Залесхофф смотрел загадочно.
— Кто убил Захса? — не унимался Кентон.
Русские обменялись многозначительными взглядами. Залесхофф пожал плечами:
— Кто его знает…
— Ладно, — раздраженно бросил Кентон, — пока это опустим. Есть еще информация, которая вас интересует? — с изрядной долей иронии произнес он.

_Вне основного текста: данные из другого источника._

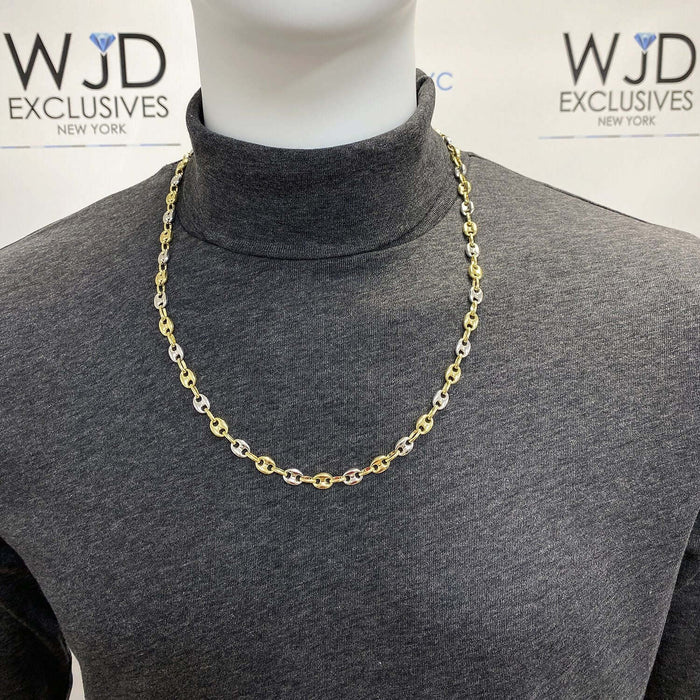 10K Yellow White Gold Two-Tone 7.5mm Puffed Anchor Mariner Chain (Hollow) 20"-28"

У него вдруг сильно заболела голова.
— Пожалуй, мистер Кентон, — мурлыкнул Залесхофф. — Еще всего два вопроса.
— А именно?
— Мне удалось подслушать через окно конец вашей беседы с Саридзой перед тем, как вас увели в подвал. Скажите, мистер Кентон, почему вы отказались отдать фотографии и спасти тем самым свою жизнь? Что заставило вас сказать «нет» и выносить издевательства этого садиста Майлера?
Кентон усмехнулся.
— Видите ли, Залесхофф, — начал он, — мой отец был ирландцем, а мама — француженкой. И я с удивлением обнаружил, что унаследовал от родителей два странных качества — упрямство и крайнее отвращение к насилию.
Русский взглянул на сестру.
— Ты поняла, Тамара? Я ведь рассказывал тебе, что они с ним вытворяли.

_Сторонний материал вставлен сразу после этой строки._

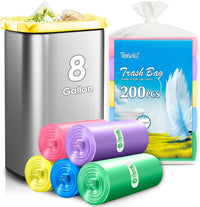 10 Gallon 200 Counts Extra Strong Trash Bags Tall Kitchen Garbage Bags by Teivio, 9 Gallon 10 Gallon,Bathroom Trash Can Bin Liners, Intended for Home,Plastic Bags for office kitchen Garden,Black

Девушка кивнула. Брат снова обратился к Кентону.
— Последний вопрос, — сказал он. — Где можно найти эти фотографии?
Кентон судорожно пытался сообразить. Судя по всему, Залесхофф слышал не весь его разговор с полковником и ничего не знал о кафе «Шван».
— Так вы и вправду не знаете?
Залесхофф медленно покачал головой. И Кентон почти физически ощутил исходящую от него враждебность, которой было отмечено самое начало их разговора.
— В таком случае, монсеньор Залесхофф, — ответил он, — я собираюсь поторговаться с вами.
— Вот как?
— Да. За последние двадцать четыре часа со мной произошло множество крайне неприятных событий. Хотелось бы как-то компенсировать все это.
Губы русского сжались в тонкую полоску, челюсть агрессивно выдвинулась вперед.
— Сколько? — тихо спросил он.
Кентон изобразил крайнее изумление.
— Господи, нет, не деньги! Вот уже в третий раз мне предлагают подкуп за пачку каких-то совершенно неинтересных снимков. Я был о вас более высокого мнения, монсеньор, — с упреком добавил он.